05-12-2023 02:00 PM - edited 05-12-2023 02:02 PM
I was handed some legacy code the other day that was responsible for generating a ton of test data files that nobody has the ability to read. It is my task to write a viewer for all of these legacy files.
The code that writes the file has a header that is just a flattened string from a cluster. However, there are two different cluster types: one with arrays in it, and one without. I need some code to uniquely identify which one of these clusters was flattened (see below)
I'm hoping someone has a clever way to do this. Some options I have considered:
At this point, I'm leaning towards option 2. I can imagine a scenario that it would fail the check, but I don't think it very likely. Still, I'm hoping someone else has a better idea.
05-12-2023 02:47 PM - edited 05-12-2023 02:47 PM
If you try to unflatten to the two data structures in parallel, I would expect one to typically generate an error or a "remaining string" that is not empty. Have you tried?
05-12-2023 03:27 PM
@altenbach wrote:
If you try to unflatten to the two data structures in parallel, I would expect one to typically generate an error or a "remaining string" that is not empty. Have you tried?
I was curious about this so I made the following example:
As long as there are enough bytes in the flattened string, you can unflatten whatever you'd like. You both probably knew this already but I wasn't sure.
I might try doing both, then doing some checks on the data to see if they make sense. For example, a multi-channel system will have the same number of elements in the Offset, Gain, and Name arrays. It'll be very unlikely for that to accidentally happen.

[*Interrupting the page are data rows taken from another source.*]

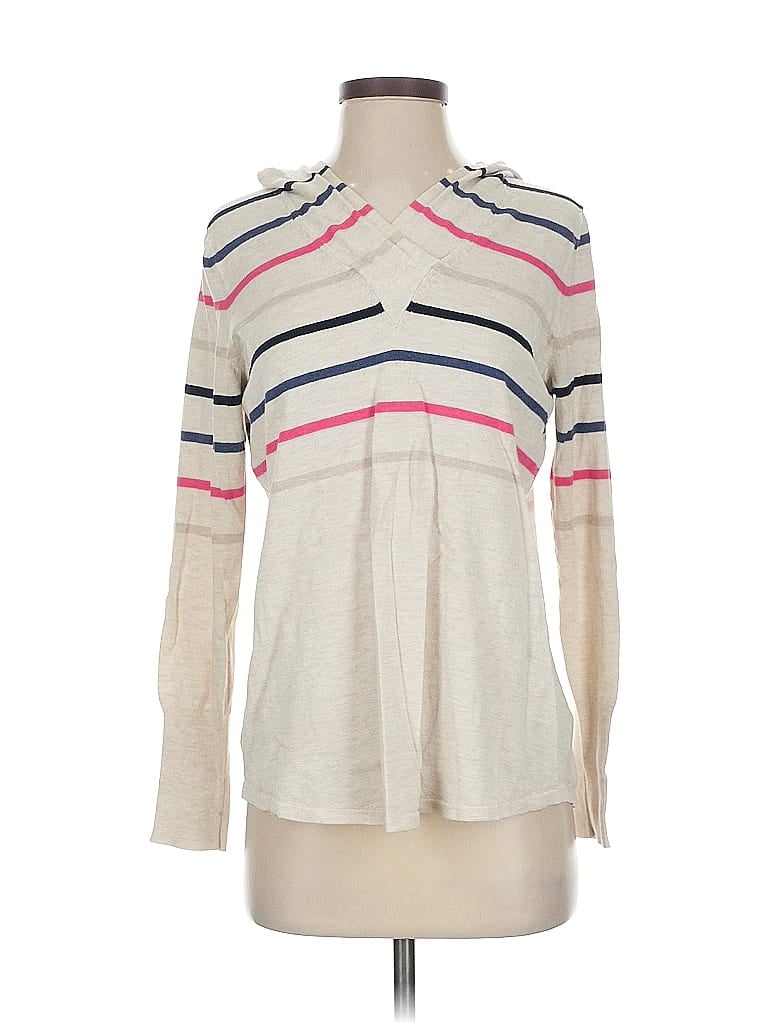 NIC + ZOE Pre-owned Pullover Sweater In White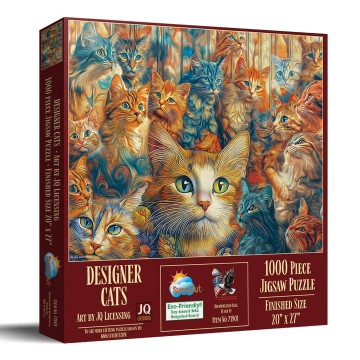 SunsOut - Designer Cats - 1000 Stukjes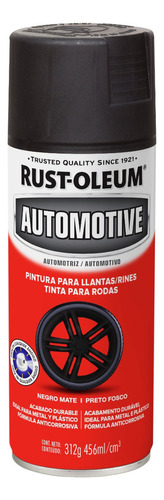 Pintura Para Llantas / Rines. Aerosol Rust-oleum Automotive 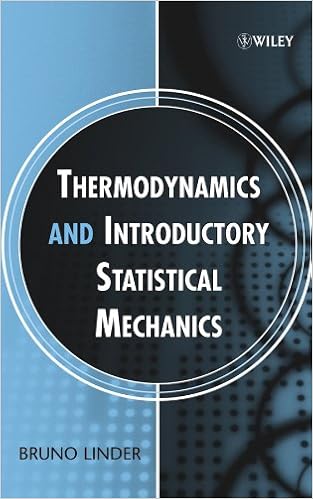 Thermodynamics And Introductory Statistical Mechanics Linder Bruno 9780471474593 Amazon Com Books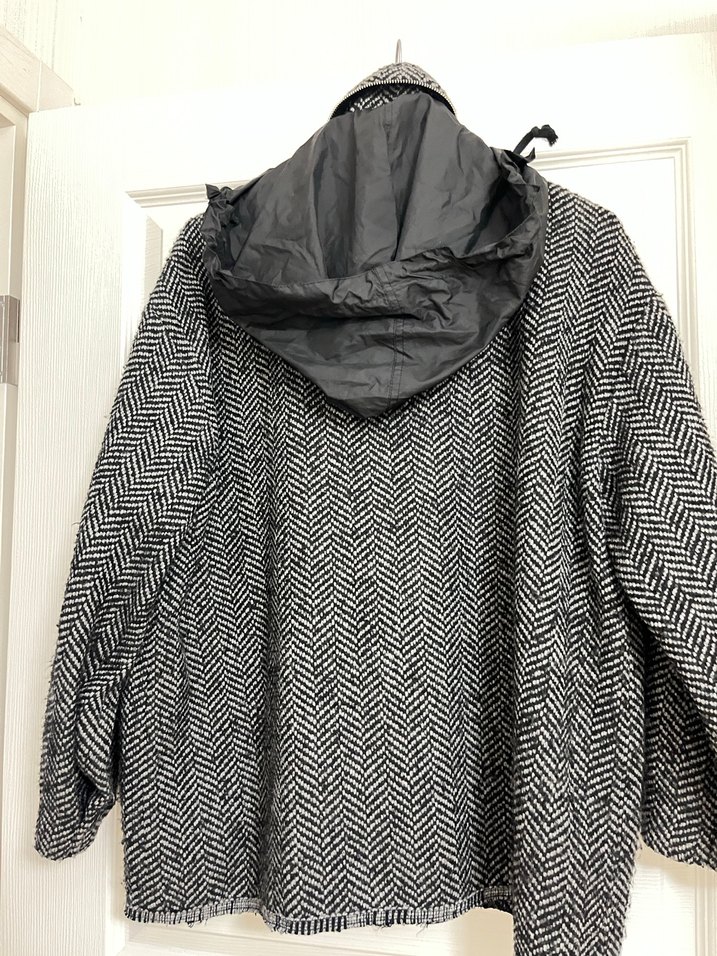 Gri Mini Kadın Fermuarlı Ceket - Görsel 2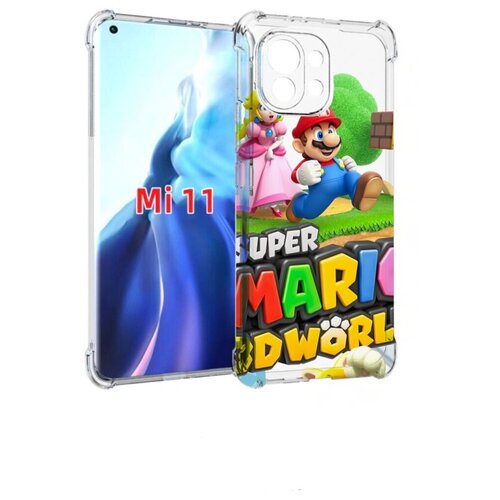 Чехол MyPads Super Mario 3D World для Xiaomi Mi 11 (экран 6.81) задняя-панель-накладка-бампер
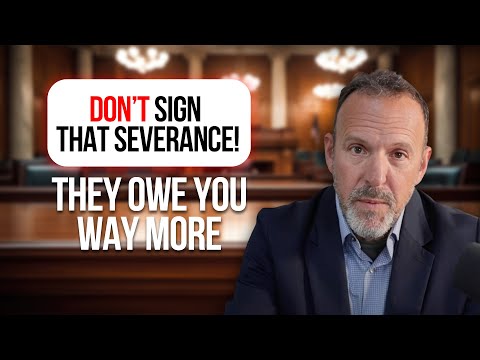 Watch — How to get more severance: an employment lawyer explains — Branigan Robertson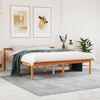vidaXL Senior Bed without Mattress Wax Brown 160x200 cm Solid Wood Pine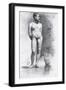 Academic Male Nude with a Grecian Urn, 1883-Joaquín Sorolla y Bastida-Framed Giclee Print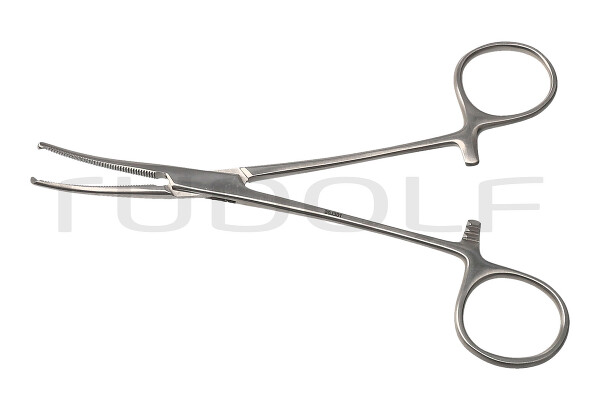 RU 3075-14 / Pinza Emostatica Crile, Curva, 1x2D 14,5 cm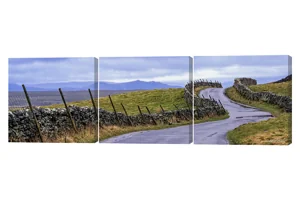 View Over Malham Moor 3 Piece Canvas Wall Art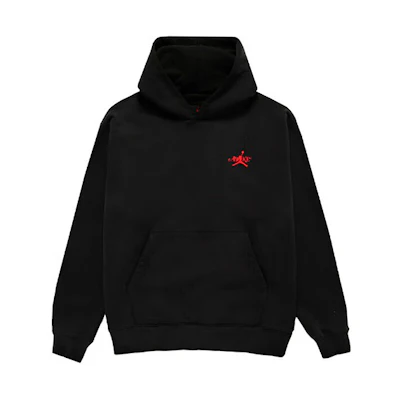 Jordan Awake NY SS24 Logo Embroidered Hoodie Black Long Sleeve Casual. FQ5444-010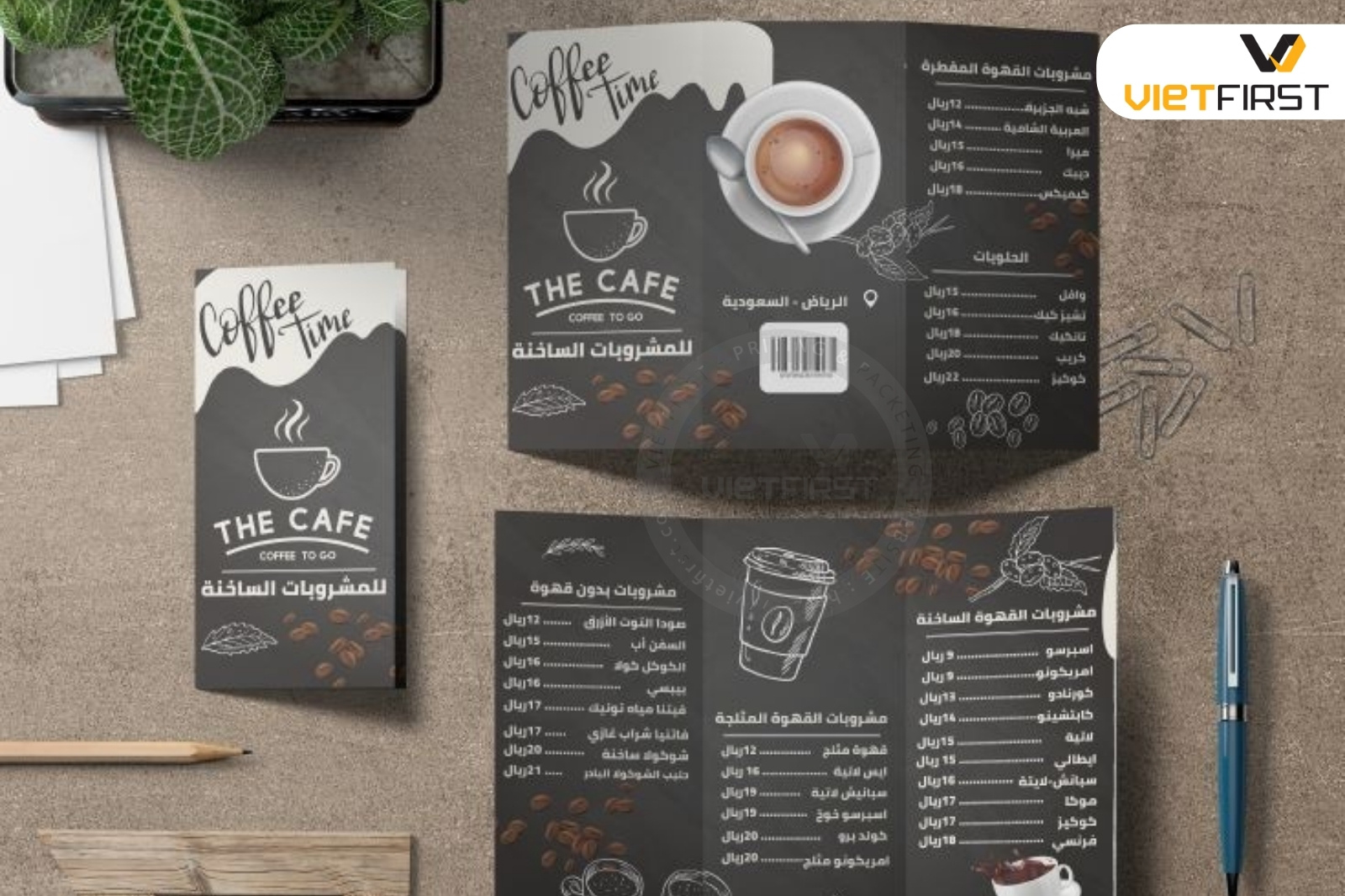 in menu giấy
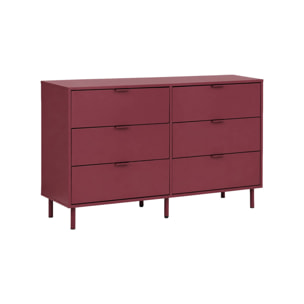 Commode décor bois et métal 6 tiroirs ELLIE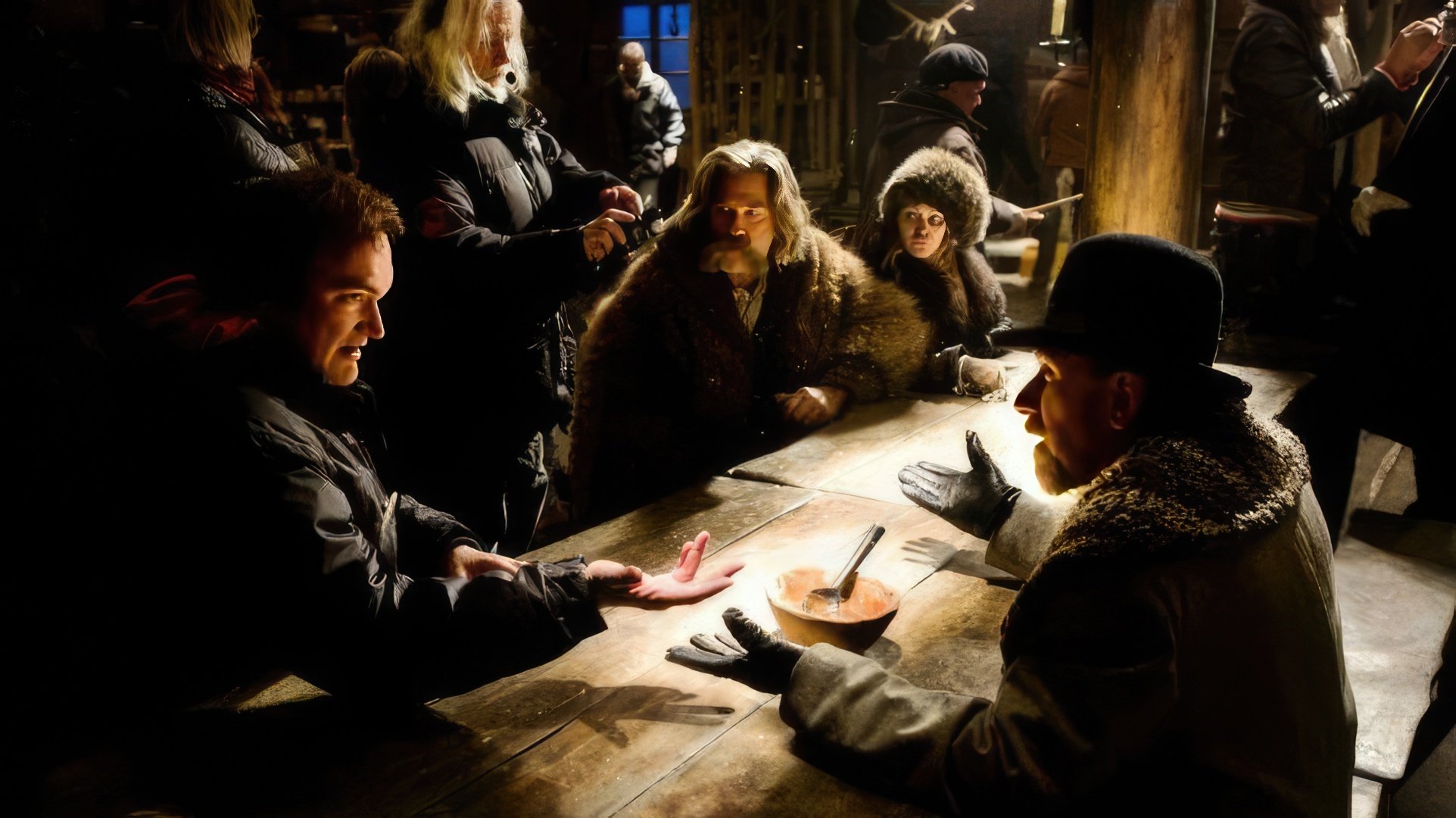 No set de 'The Hateful Eight'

Add your option 3 to look for non-ASCII characters and you could filter even more errors (the ol' "Swiss Cheese Model").
If all else fails and it's still ambiguous, you could have a popup for the user to view. Something like plotting the data points in a popup two ways and asking the user to identify which one "looks right".
05-12-2023 04:15 PM
You have not looked at the size of the "rest of binary string" output. It'll tell you if there is more data than expected.
05-12-2023 05:03 PM
Thank you both.
I didn't include "look for error" on my list because with data in the arrays it almost always worked without error so it wasn't worth checking. However, I did not consider looking at the extra bytes.
According to help "This function does not convert all of the bytes if the size of binary string is not a multiple of the size of type". If I'm reading that right, I could theoretically still get a "multi" cluster that would convert as a "single" with zero remaining bytes... but I think a combination of these methods will work well enough.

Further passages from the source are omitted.